- TASK TO CARRY OUT
The reply must consist of the complete listing, reproduced exactly, with no images included.

- SOURCE MATERIAL
=====

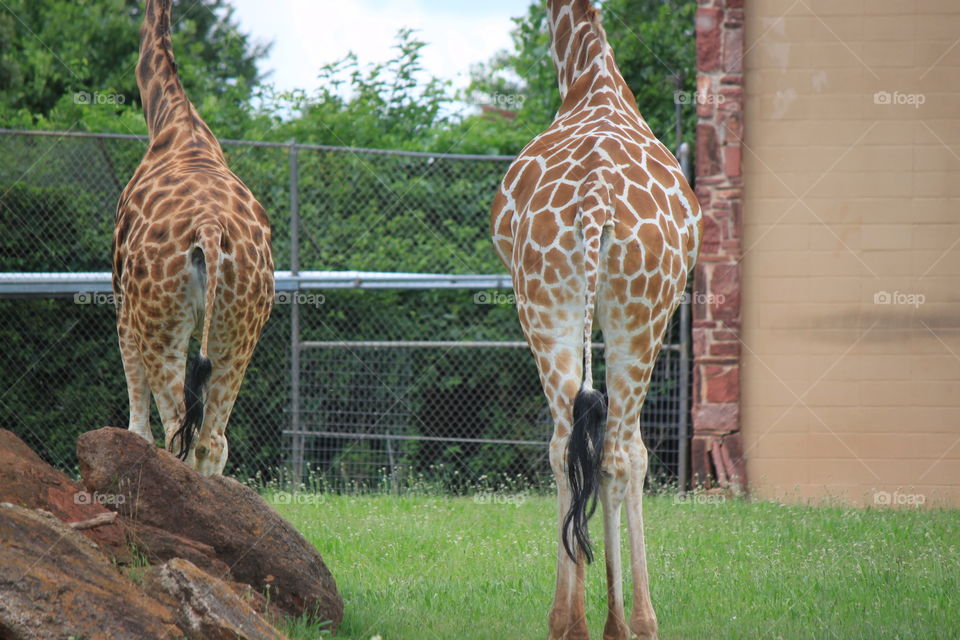 Two giraffes side by side from behinds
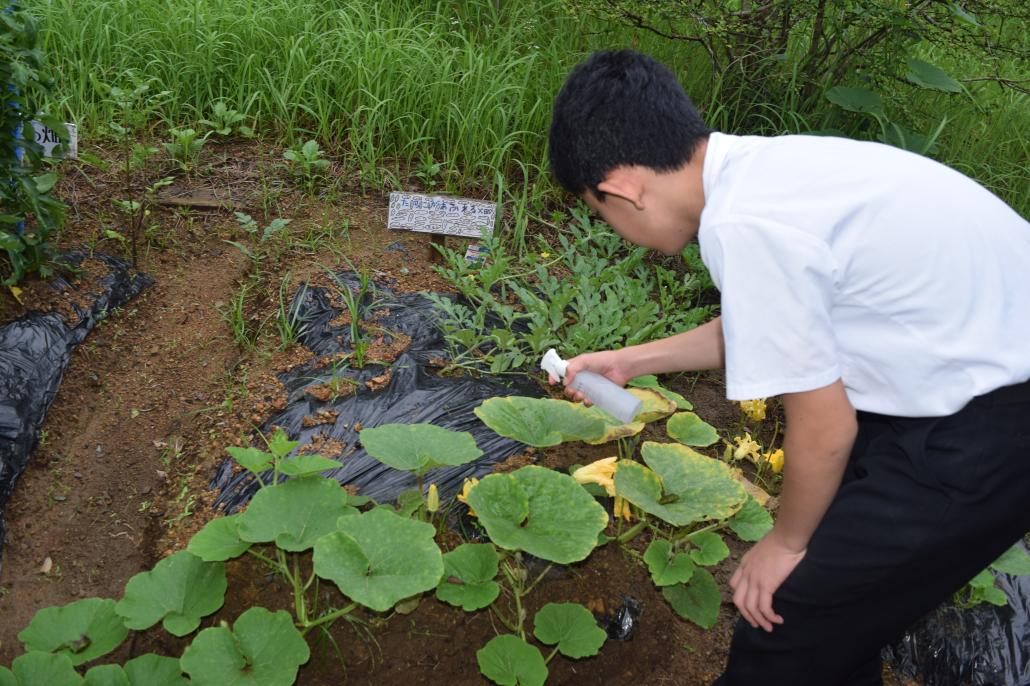 野菜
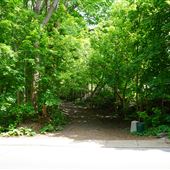 Parc du Mont-Royal - Sentiers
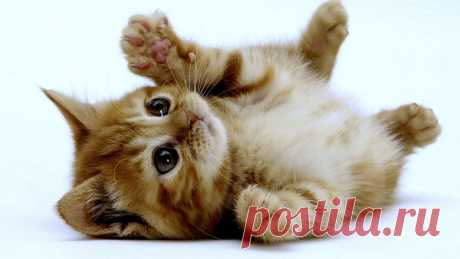 Funny Kitten Wallpaper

=====

- TASK OUTPUT
 Two giraffes side by side from behinds
 野菜
 Parc du Mont-Royal - Sentiers
 Funny Kitten Wallpaper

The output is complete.